Task to carry out>
Nothing but the lines below from the one containing "Harlan | Chic" through the one containing "Relaxed Fit Logo" should appear in the answer, exact and without pictures.

Exercise inputs>
__________

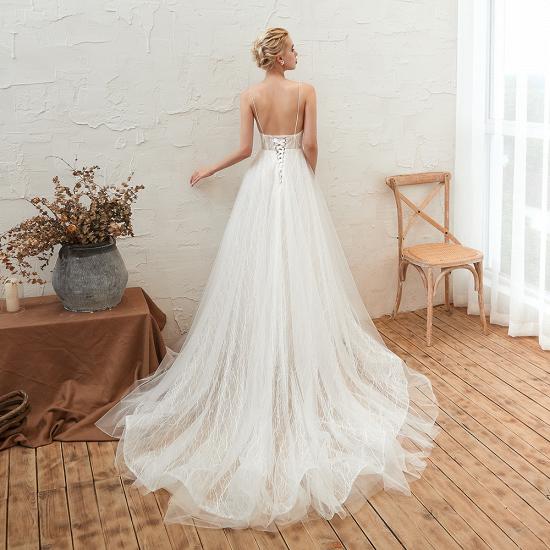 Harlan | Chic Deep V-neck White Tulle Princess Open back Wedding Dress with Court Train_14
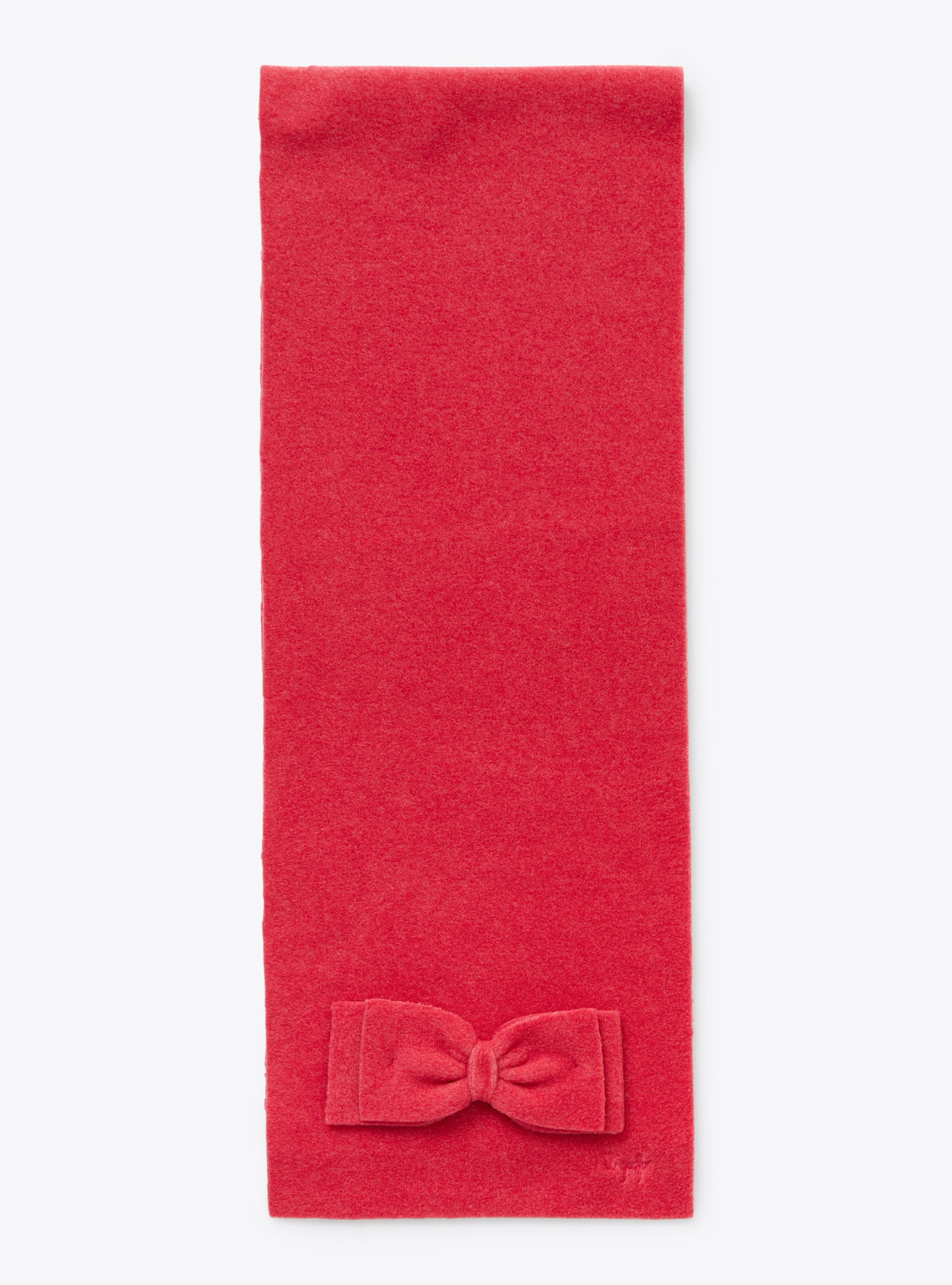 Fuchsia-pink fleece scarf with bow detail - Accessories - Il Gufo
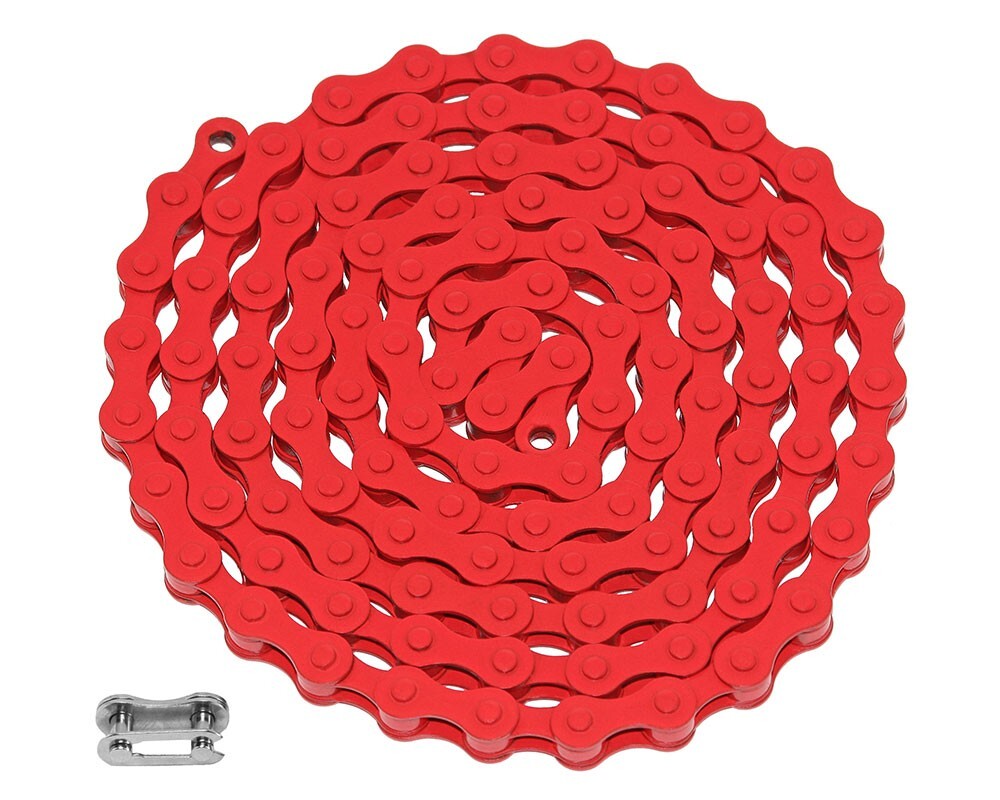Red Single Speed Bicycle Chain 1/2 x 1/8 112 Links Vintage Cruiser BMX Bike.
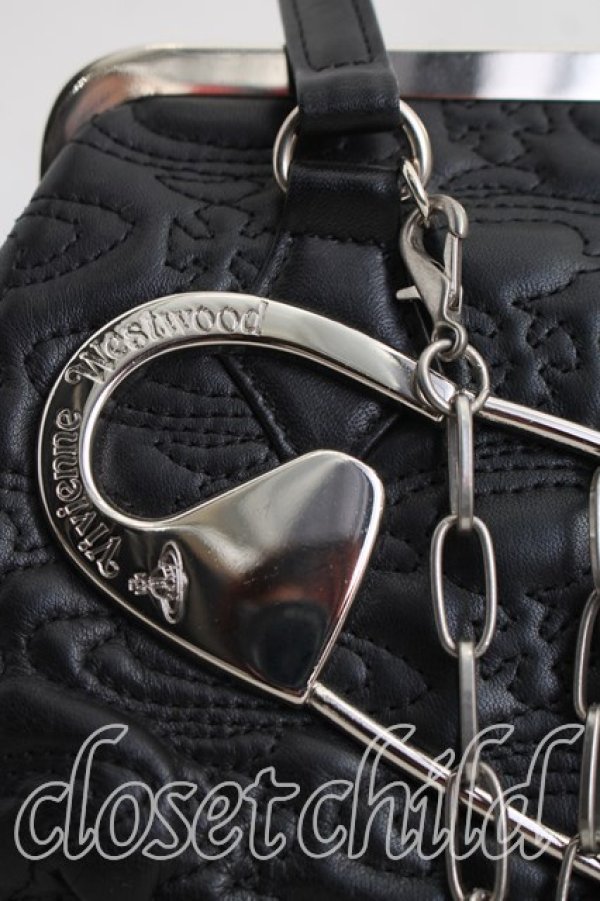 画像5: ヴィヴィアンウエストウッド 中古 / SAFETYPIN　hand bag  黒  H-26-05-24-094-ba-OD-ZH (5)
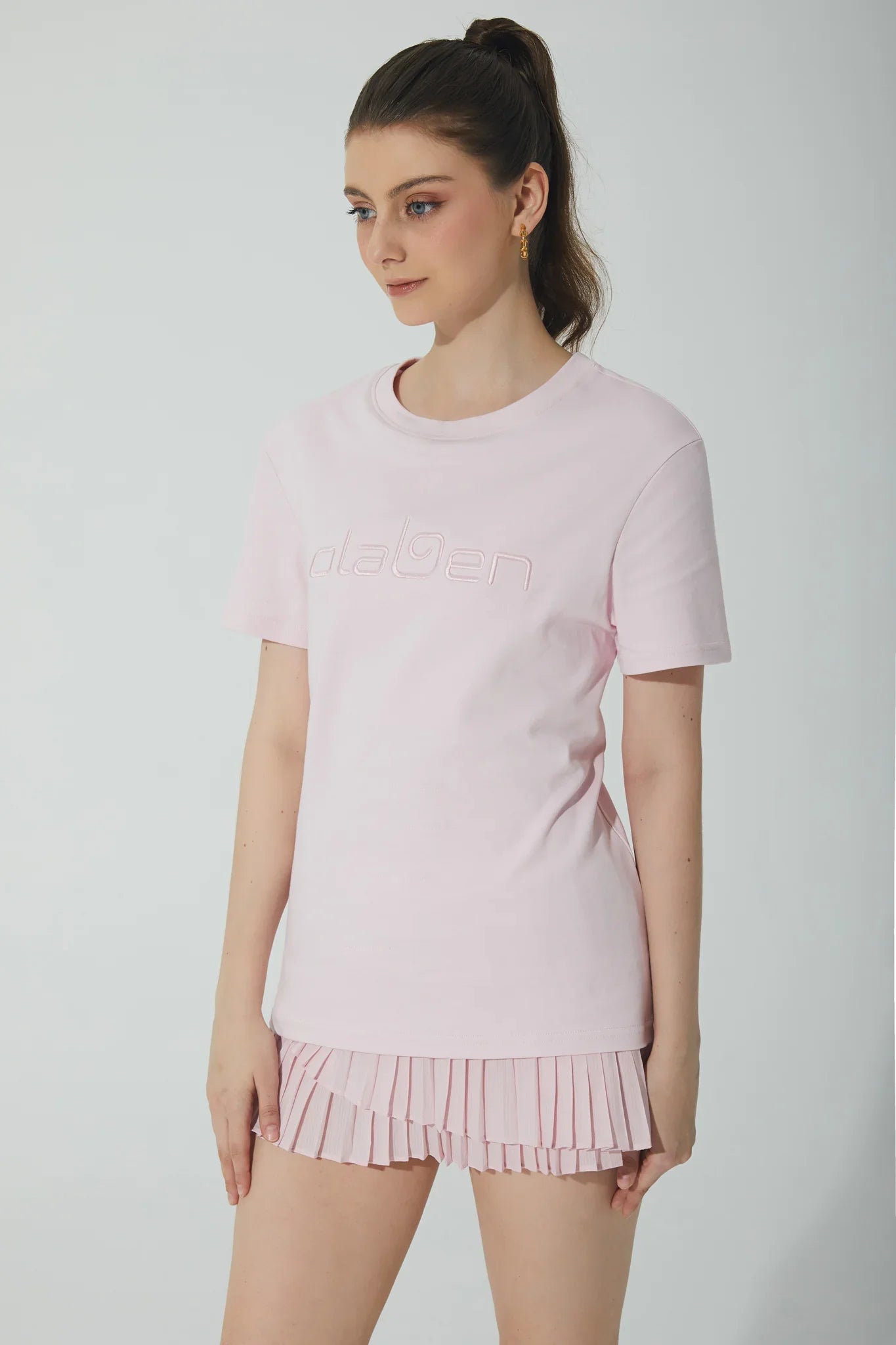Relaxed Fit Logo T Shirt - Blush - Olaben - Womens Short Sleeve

__________

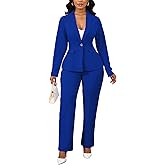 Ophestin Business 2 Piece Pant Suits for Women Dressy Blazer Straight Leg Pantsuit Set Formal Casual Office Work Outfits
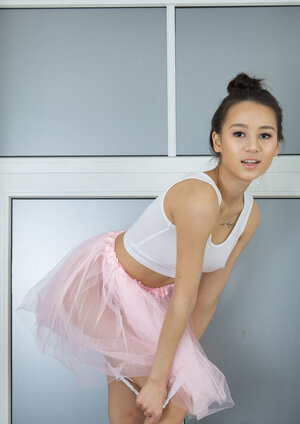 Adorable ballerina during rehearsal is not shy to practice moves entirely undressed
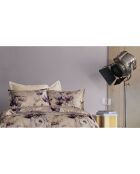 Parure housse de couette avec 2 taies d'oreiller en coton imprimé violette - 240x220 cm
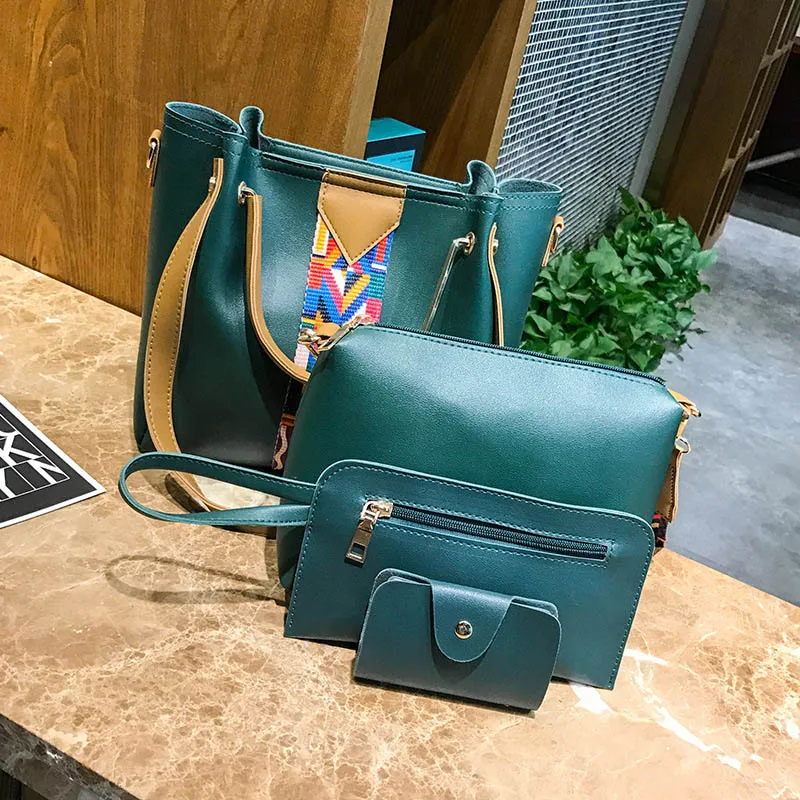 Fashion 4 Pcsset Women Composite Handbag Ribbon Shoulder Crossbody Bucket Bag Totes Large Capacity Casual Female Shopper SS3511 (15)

__________

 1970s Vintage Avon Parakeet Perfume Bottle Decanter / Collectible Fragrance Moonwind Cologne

__________

Completed task>
 Harlan | Chic Deep V-neck White Tulle Princess Open back Wedding Dress with Court Train_14
 Fuchsia-pink fleece scarf with bow detail - Accessories - Il Gufo
Red Single Speed Bicycle Chain 1/2 x 1/8 112 Links Vintage Cruiser BMX Bike.
 画像5: ヴィヴィアンウエストウッド 中古 / SAFETYPIN　hand bag  黒  H-26-05-24-094-ba-OD-ZH (5)
Relaxed Fit Logo T Shirt - Blush - Olaben - Womens Short Sleeve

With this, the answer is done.